On 08/23/10 03:51, Jamie wrote:
The International Atlas says that the city and country have observed a time zone of -1 (Central Europe Time) since 1960. Before that the time zone was 0 (UT).
My copy of the International Atlas (6th edition, dated 2003) also says this: Before 1 Jan 1912 LMT Begin Standard 15W00 1 Jan 1912 0:00 1:00 Begin Standard 0W00 26 Feb 1934 0:00 0:00 which means that Niamey observed a time zone of -0100 (1 hour west of UTC) between 1912 and 1934. This is the offset in question.
The Wikipedia article on Niamey says
Wikipedia itself is not reliable on these issues, unless it cites sources.
The PC Atlas uses WAT for UTC-1...
AstrolDeluxe displays West Central Africa Time (WCAT) = -1...
These are clearly invented abbreviations, just as the TZ abbreviation is invented. Microsoft says that the "West Central Africa time zone" is +0100 (1 hour east of UTC). See <http://msdn.microsoft.com/en-us/library/dd796927.aspx>. All the other uses of the phrase "West Central Africa time" (that I found with Google) agree with Microsoft.
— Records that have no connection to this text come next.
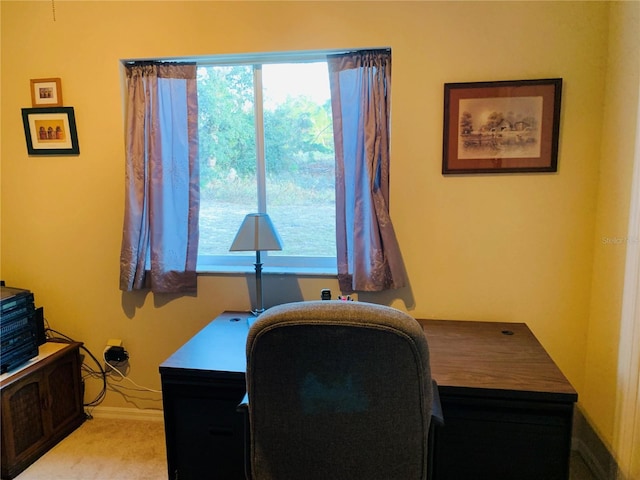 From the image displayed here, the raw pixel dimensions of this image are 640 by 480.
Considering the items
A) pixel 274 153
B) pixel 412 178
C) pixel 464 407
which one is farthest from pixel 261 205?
pixel 464 407

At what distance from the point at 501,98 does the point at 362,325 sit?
4.79ft

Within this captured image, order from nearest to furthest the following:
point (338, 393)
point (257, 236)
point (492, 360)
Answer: point (338, 393) < point (492, 360) < point (257, 236)

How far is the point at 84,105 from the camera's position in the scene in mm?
A: 2229

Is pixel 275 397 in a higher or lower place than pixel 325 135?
lower

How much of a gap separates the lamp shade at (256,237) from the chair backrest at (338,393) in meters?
0.88

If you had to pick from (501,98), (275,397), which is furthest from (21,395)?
(501,98)

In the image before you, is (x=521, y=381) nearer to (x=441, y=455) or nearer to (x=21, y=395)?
(x=441, y=455)

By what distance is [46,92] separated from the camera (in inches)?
88.3

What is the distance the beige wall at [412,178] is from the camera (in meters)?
1.88

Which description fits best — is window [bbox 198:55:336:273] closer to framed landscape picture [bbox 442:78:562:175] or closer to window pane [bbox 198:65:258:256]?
window pane [bbox 198:65:258:256]

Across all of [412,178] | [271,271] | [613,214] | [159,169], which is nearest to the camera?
[613,214]

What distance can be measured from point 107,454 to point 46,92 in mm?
1914

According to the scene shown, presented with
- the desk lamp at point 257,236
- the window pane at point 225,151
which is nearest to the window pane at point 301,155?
the window pane at point 225,151

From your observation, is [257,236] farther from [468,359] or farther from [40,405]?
[40,405] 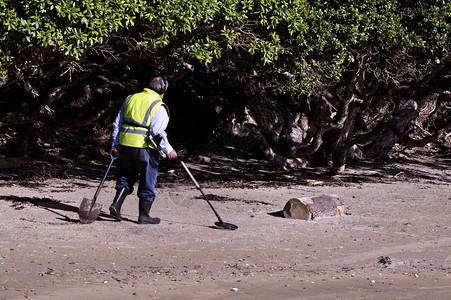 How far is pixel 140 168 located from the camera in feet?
24.4

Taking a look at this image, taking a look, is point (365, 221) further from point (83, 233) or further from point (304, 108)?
point (304, 108)

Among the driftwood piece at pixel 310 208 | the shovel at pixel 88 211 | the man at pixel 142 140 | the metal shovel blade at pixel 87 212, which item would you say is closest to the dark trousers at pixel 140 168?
the man at pixel 142 140

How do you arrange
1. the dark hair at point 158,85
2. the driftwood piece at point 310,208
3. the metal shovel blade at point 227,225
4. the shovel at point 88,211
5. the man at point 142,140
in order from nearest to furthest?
1. the man at point 142,140
2. the dark hair at point 158,85
3. the shovel at point 88,211
4. the metal shovel blade at point 227,225
5. the driftwood piece at point 310,208

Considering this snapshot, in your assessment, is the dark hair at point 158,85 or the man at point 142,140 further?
the dark hair at point 158,85

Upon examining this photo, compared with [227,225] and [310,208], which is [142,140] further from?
[310,208]

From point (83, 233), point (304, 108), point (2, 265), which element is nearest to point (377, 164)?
point (304, 108)

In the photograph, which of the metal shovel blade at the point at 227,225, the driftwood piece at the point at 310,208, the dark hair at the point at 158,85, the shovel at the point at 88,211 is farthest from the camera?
the driftwood piece at the point at 310,208

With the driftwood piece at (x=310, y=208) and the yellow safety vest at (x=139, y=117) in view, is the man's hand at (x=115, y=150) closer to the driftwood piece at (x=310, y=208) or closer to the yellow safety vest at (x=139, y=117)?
the yellow safety vest at (x=139, y=117)

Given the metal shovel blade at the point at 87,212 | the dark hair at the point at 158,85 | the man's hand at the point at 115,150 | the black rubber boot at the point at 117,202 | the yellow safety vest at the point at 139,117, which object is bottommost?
the metal shovel blade at the point at 87,212

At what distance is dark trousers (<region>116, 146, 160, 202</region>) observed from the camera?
291 inches

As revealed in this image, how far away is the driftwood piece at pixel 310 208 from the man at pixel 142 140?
82.1 inches

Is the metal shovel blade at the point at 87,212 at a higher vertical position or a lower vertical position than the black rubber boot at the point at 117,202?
lower

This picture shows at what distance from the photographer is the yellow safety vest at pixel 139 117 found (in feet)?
23.9

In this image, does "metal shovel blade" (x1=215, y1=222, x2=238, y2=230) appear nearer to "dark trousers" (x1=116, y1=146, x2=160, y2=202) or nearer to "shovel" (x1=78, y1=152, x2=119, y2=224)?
"dark trousers" (x1=116, y1=146, x2=160, y2=202) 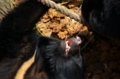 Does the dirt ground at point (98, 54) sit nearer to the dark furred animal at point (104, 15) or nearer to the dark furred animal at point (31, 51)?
the dark furred animal at point (104, 15)

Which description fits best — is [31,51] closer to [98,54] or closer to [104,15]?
[104,15]

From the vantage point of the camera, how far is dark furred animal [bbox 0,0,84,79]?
1362mm

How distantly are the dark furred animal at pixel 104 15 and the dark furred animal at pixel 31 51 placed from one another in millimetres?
209

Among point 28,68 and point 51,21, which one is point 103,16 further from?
point 51,21

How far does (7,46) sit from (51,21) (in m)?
0.72

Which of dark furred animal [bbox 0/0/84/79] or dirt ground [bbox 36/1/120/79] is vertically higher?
dark furred animal [bbox 0/0/84/79]

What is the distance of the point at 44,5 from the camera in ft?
4.73

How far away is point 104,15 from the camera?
58.7 inches

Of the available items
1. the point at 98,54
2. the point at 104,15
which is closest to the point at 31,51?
the point at 104,15

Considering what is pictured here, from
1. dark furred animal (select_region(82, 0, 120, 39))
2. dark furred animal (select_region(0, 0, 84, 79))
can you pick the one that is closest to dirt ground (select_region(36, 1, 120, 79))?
dark furred animal (select_region(82, 0, 120, 39))

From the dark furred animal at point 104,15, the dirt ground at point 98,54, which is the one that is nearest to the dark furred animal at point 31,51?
the dark furred animal at point 104,15

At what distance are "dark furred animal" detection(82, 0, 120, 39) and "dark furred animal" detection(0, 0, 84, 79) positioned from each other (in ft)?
0.69

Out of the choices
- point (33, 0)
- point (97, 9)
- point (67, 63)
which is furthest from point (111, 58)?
point (33, 0)

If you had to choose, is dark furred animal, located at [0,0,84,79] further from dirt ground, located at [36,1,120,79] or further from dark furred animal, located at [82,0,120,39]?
dirt ground, located at [36,1,120,79] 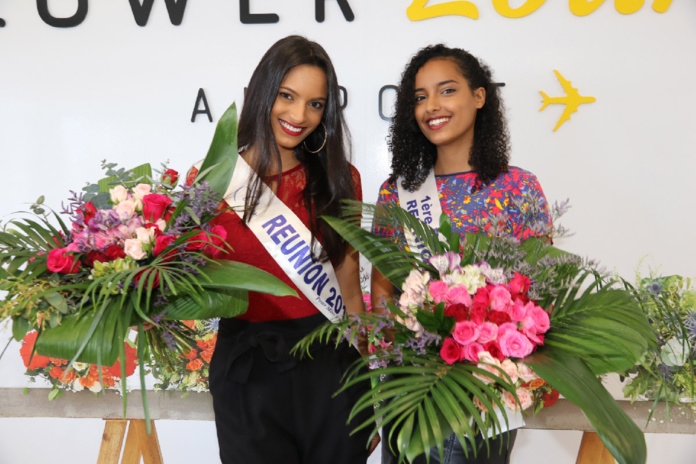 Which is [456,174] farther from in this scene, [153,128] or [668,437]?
[668,437]

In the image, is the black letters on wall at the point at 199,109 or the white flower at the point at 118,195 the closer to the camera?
the white flower at the point at 118,195

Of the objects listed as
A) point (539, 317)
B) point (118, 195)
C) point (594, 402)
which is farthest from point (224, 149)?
point (594, 402)

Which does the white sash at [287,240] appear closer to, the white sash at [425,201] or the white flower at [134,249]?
the white sash at [425,201]

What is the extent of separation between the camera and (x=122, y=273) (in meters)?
0.90

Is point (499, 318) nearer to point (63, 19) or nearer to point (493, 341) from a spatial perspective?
point (493, 341)

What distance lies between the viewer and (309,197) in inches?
55.1

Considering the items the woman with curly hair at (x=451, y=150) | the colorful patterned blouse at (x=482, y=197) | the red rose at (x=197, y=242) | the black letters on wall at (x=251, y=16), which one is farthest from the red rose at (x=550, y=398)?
the black letters on wall at (x=251, y=16)

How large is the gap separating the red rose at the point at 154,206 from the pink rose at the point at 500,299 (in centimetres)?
57

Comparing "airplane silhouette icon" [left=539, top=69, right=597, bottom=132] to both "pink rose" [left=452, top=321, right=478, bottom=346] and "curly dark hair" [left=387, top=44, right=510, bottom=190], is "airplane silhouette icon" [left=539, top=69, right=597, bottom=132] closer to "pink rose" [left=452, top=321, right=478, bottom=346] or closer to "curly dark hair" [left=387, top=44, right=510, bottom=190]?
"curly dark hair" [left=387, top=44, right=510, bottom=190]

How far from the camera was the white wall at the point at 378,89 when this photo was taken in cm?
232

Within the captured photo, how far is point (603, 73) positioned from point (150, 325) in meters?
2.03

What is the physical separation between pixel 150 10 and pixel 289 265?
1.60 metres

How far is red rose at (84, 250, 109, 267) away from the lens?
972mm

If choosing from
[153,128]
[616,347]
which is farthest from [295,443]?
[153,128] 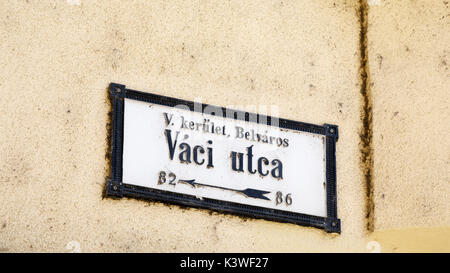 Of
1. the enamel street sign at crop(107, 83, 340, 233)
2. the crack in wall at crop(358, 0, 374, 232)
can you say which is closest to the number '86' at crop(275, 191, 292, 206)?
the enamel street sign at crop(107, 83, 340, 233)

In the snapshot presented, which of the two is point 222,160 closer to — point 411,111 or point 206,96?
point 206,96

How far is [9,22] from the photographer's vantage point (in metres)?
3.49

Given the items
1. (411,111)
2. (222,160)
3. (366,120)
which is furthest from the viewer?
(366,120)

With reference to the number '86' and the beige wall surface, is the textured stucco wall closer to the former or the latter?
the beige wall surface

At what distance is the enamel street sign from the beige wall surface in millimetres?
54

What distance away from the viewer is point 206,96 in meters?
3.81

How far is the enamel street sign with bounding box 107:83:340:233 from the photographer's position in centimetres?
355

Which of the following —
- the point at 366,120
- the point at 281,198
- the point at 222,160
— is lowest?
the point at 281,198

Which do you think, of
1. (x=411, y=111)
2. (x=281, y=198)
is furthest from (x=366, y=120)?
(x=281, y=198)

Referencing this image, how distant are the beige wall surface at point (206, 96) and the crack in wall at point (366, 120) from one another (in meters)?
0.03

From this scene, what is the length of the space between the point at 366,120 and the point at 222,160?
30.8 inches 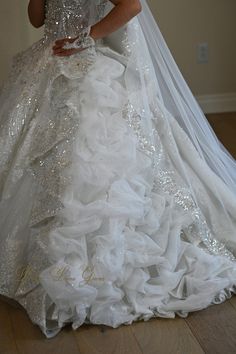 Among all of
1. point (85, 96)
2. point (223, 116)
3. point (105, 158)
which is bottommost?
point (223, 116)

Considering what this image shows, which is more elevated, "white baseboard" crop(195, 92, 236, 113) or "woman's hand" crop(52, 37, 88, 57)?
"woman's hand" crop(52, 37, 88, 57)

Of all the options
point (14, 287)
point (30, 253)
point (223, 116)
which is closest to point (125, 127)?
point (30, 253)

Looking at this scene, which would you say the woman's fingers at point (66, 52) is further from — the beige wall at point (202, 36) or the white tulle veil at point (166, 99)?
the beige wall at point (202, 36)

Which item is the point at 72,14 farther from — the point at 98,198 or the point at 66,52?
the point at 98,198

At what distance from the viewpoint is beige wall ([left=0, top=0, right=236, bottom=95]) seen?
10.4ft

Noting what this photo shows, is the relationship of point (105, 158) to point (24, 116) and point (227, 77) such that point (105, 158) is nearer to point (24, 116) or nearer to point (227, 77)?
point (24, 116)

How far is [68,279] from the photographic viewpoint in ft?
5.34

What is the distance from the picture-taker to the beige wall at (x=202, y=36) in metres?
3.18

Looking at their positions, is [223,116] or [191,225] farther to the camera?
[223,116]

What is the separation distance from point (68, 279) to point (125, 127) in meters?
0.47

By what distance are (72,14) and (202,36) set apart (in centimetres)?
152

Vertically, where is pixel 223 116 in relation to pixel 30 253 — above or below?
below

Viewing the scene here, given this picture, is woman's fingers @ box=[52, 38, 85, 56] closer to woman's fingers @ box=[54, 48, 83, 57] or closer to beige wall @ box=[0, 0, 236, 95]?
woman's fingers @ box=[54, 48, 83, 57]

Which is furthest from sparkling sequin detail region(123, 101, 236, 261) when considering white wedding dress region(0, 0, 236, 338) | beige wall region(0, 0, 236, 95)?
beige wall region(0, 0, 236, 95) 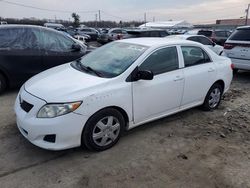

Perhaps a different term (I propose WCAT) would straighten out the ambiguity
"WCAT" would be problematic for reasons described above. Ambiguity per se is not a problem in the tz database, as it exists in many other places (e.g., "EST" in the U.S. versus Australia). It's not entirely clear that this Niamey time zone actually existed; it might just be a typo. Until it's verified, it's not clear that it's worth the effort to invent a new abbreviation for it.